Minnesota and Wisconsin Teachers of English to Speakers of Other Languages
This study examined the effectiveness of teaching adult English language learners (ELLs)
how to mitigate requests in the workplace and elsewhere. The participants represented 12
different countries and 11 languages and were enrolled in a high-intermediate level ELL
class in a large-urban Adult Basic Education (ABE) program. Participants’ pragmatic ability
with regard to making requests was assessed through a discourse completion test (DCT)
administered as a pretest, followed by instruction in pragmatics (with a focus on requesting)
and then by another DCT similar to the first one serving as a posttest. The pre- and
posttest results were compared with the analysis focusing on the relative frequency of
explicitly taught lexical phrases and forms.
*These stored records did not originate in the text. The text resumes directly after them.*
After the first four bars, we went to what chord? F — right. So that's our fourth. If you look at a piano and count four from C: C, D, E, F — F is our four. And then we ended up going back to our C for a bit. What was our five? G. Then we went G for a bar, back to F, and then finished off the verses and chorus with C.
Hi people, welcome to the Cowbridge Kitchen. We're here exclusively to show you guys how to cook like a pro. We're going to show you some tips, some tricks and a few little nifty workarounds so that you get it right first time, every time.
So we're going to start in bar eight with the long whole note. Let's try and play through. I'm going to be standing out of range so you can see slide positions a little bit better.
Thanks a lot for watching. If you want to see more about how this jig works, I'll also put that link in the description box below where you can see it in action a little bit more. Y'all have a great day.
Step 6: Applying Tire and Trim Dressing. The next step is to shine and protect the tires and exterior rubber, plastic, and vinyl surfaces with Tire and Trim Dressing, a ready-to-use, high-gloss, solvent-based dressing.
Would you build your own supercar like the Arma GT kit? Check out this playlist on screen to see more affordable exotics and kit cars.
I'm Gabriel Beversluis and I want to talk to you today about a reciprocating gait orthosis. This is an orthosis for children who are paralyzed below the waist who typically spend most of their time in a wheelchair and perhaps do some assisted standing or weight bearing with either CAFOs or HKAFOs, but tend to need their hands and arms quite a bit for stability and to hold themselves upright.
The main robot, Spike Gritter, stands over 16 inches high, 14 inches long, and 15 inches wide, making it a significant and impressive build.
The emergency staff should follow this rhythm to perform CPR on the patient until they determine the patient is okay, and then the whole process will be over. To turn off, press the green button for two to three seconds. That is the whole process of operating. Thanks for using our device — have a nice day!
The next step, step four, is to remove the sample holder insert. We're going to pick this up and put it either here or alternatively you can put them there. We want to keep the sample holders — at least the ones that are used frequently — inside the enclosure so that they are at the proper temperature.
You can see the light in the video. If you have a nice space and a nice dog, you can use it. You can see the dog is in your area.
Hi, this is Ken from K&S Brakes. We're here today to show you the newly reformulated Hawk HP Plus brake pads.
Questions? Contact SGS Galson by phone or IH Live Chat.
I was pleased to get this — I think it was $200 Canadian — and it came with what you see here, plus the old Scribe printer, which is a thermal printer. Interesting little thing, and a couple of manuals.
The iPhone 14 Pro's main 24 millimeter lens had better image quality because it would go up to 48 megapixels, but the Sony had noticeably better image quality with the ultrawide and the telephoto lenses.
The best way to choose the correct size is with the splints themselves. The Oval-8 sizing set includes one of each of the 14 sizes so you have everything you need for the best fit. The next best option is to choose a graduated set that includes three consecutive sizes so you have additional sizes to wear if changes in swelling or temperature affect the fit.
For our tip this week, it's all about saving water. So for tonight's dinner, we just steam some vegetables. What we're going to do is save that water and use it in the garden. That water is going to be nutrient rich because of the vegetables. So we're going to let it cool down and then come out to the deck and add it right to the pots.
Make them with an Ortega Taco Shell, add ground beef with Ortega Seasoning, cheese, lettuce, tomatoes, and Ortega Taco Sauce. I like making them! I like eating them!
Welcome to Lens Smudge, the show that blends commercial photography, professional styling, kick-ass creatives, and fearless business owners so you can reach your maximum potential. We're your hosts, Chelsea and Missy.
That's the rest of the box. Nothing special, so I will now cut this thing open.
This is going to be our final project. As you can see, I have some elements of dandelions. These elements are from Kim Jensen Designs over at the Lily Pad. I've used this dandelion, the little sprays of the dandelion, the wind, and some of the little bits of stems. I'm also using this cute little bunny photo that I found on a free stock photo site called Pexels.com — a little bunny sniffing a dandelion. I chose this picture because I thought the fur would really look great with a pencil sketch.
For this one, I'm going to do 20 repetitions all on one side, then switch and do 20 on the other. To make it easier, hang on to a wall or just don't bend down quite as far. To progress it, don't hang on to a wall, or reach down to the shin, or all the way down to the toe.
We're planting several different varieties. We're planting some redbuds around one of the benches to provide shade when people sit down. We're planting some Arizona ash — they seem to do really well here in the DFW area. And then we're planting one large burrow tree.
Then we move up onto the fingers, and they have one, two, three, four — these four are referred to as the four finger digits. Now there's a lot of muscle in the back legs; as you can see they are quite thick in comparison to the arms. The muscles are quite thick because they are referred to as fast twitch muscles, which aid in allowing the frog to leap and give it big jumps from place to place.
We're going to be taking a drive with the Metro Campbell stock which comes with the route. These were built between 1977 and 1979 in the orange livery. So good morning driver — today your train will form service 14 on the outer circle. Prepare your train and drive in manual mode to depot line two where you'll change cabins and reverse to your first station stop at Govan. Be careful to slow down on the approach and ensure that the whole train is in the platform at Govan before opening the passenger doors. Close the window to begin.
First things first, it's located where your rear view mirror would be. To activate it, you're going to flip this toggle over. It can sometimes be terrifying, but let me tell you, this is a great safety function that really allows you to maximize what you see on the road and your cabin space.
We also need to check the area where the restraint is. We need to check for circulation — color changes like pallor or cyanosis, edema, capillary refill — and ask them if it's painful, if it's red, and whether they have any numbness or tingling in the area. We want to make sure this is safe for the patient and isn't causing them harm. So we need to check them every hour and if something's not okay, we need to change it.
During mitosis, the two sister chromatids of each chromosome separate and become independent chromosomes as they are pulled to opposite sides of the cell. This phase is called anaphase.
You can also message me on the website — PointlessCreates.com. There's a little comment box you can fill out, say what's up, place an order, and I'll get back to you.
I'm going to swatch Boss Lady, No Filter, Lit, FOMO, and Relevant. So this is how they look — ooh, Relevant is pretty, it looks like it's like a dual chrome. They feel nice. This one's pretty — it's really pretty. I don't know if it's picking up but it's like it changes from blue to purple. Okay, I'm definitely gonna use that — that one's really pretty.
Participants’ responses to a course evaluation
questionnaire were also collected and analyzed.
Findings indicated that while participants were aware of the use of modal verbs to show
politeness prior to instruction, there was a noticeable increase in forms virtually absent in
the pretest data, namely, the past continuous tense and understaters such as just (a
minute), and a little (bit). Additionally, findings showed high attendance contributed to an
increased use of those phrases and forms. Participants responded favorably to the
instructional techniques. The results of this instructional pragmatics study contribute to a
relatively small body of literature involving the effectiveness of teaching second-language
(L2) pragmatics to an ABE English language learner population.
Teaching adult English language learners to mitigate requests: a pilot study.
Minnesota and Wisconsin Teachers of English to Speakers of Other Languages.